Required action: Output every line below as it stands, dropping only the images.

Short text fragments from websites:
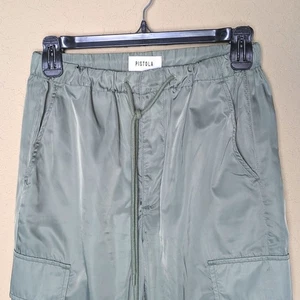Pistola Cargo Jogger Pants XS Sage Green Drawstring Waist Utility Pockets Street - Picture 1 of 8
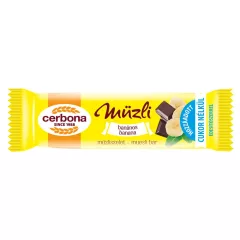   Cerbona Banános müzliszelet Kakaós bevonóval és Édesítőszerrel 20 g
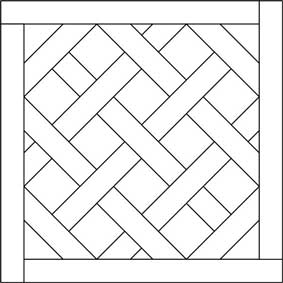 691: Versailles parquet drawing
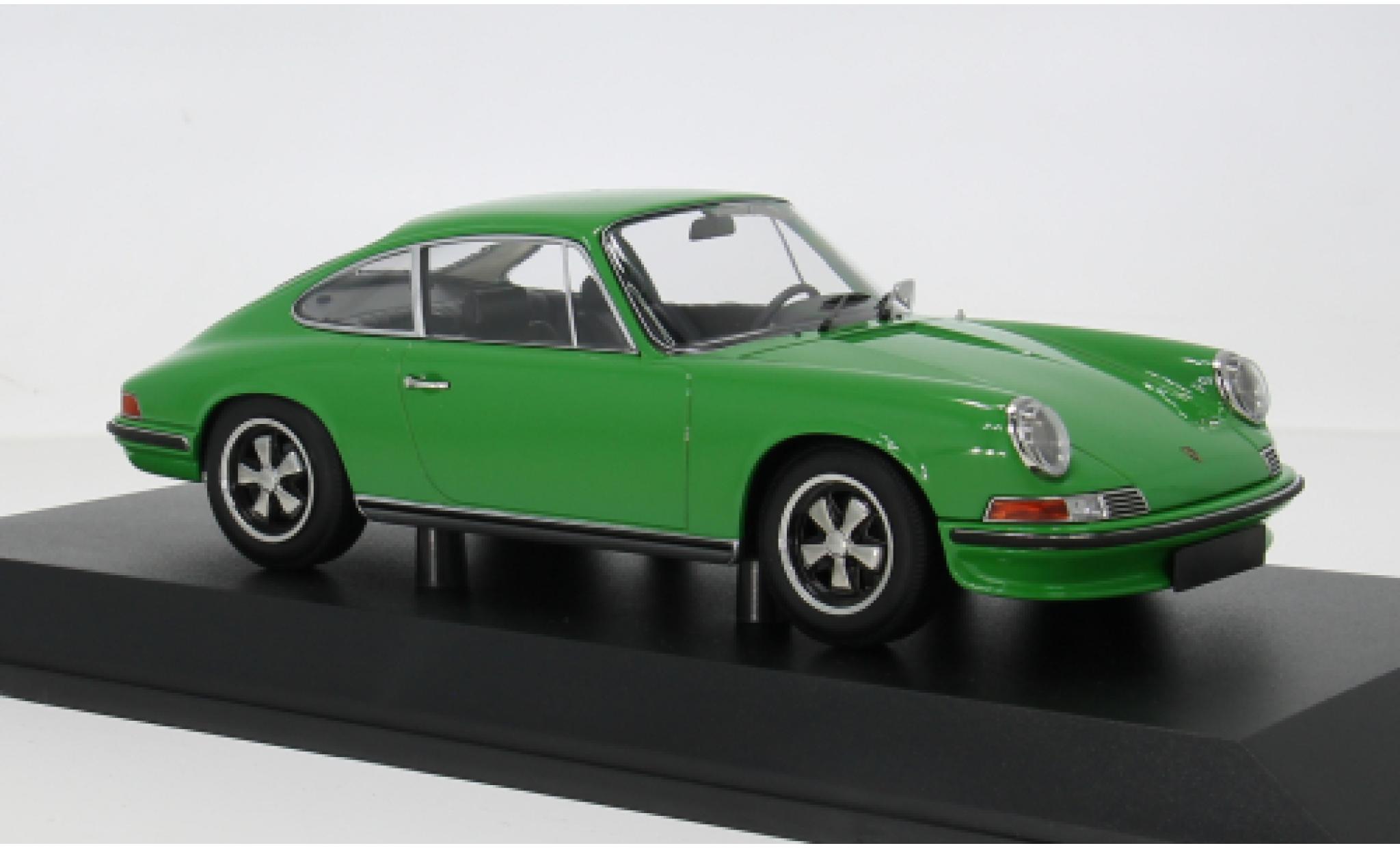 Porsche 911 1/18 Minichamps groen 1972 1:18 modelauto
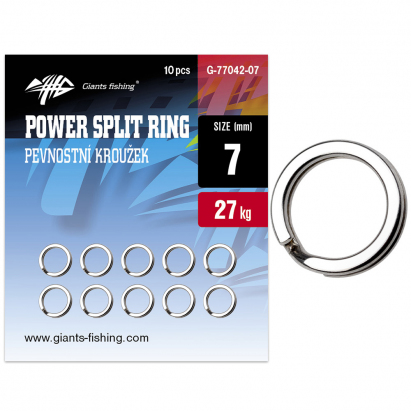 Giants fishing Pevnostní kroužek Power Split Ring 10ks|vel.7mm (27kg)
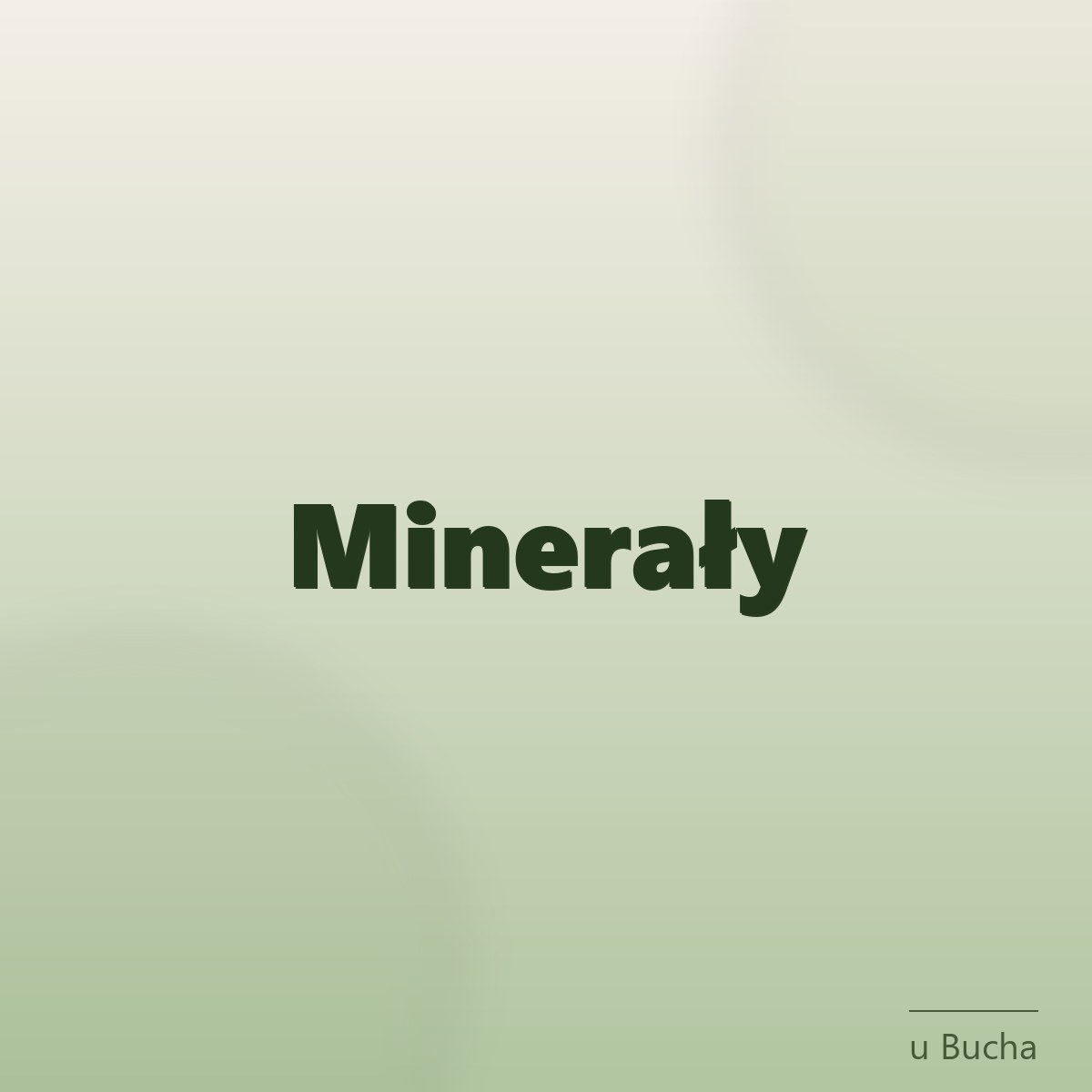 Kategorie Suplementy mineralne — kategoria u Bucha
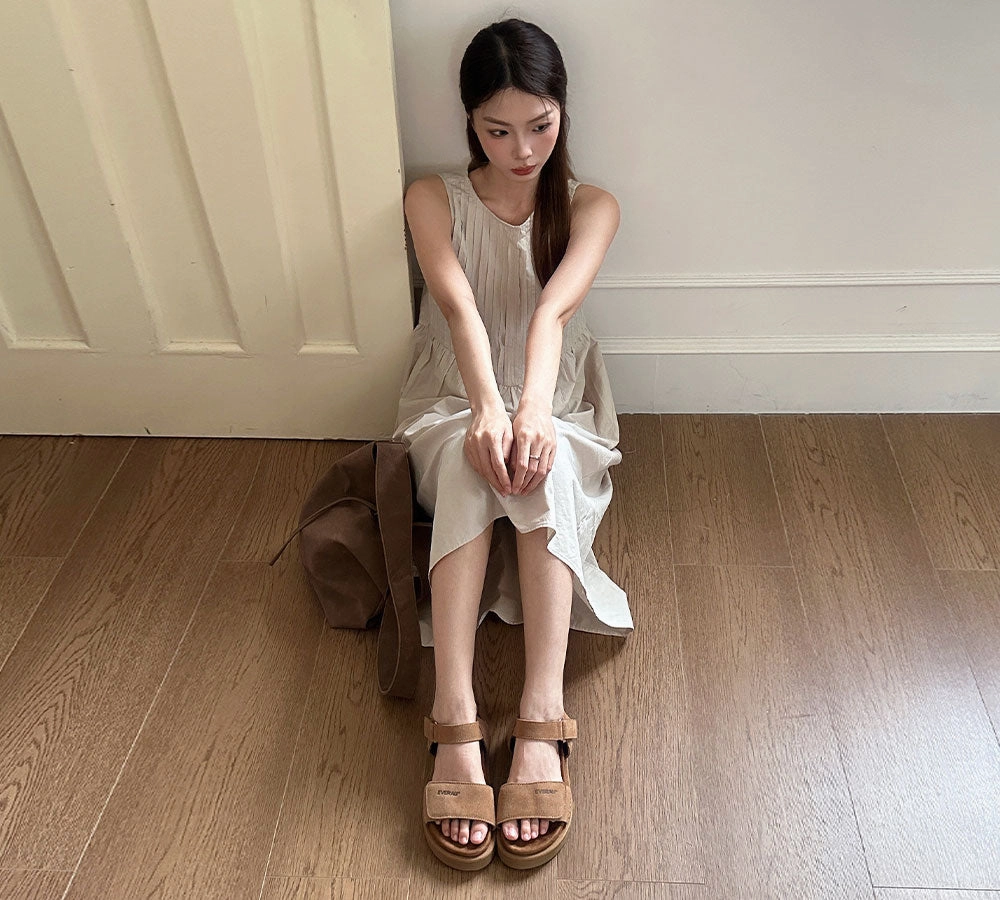 Sandals For Women EVERAU Women Adjustable Hook and Loop Slingback Summer Sandals Carla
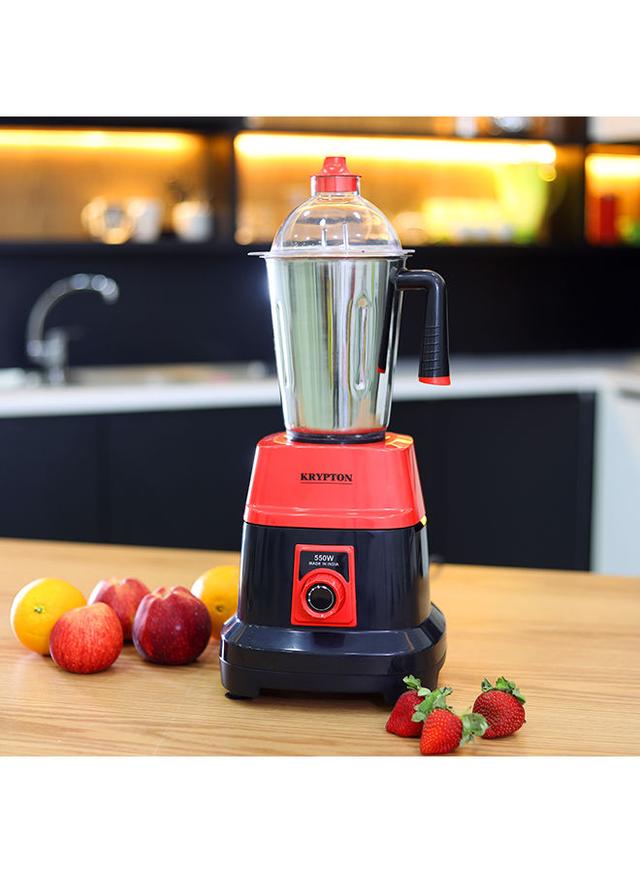 Krypton 3 In 1 Mixer Grinder With Stainless Steel Blades & Unbreakable Lids 3 kg 550 W KNB6192 Red - SW1hZ2U6MjUyOTQy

Reply:
Pistola Cargo Jogger Pants XS Sage Green Drawstring Waist Utility Pockets Street - Picture 1 of 8
   Cerbona Banános müzliszelet Kakaós bevonóval és Édesítőszerrel 20 g
 691: Versailles parquet drawing
 Porsche 911 1/18 Minichamps groen 1972 1:18 modelauto
 Giants fishing Pevnostní kroužek Power Split Ring 10ks|vel.7mm (27kg)
 Kategorie Suplementy mineralne — kategoria u Bucha
 Sandals For Women EVERAU Women Adjustable Hook and Loop Slingback Summer Sandals Carla
 Krypton 3 In 1 Mixer Grinder With Stainless Steel Blades & Unbreakable Lids 3 kg 550 W KNB6192 Red - SW1hZ2U6MjUyOTQy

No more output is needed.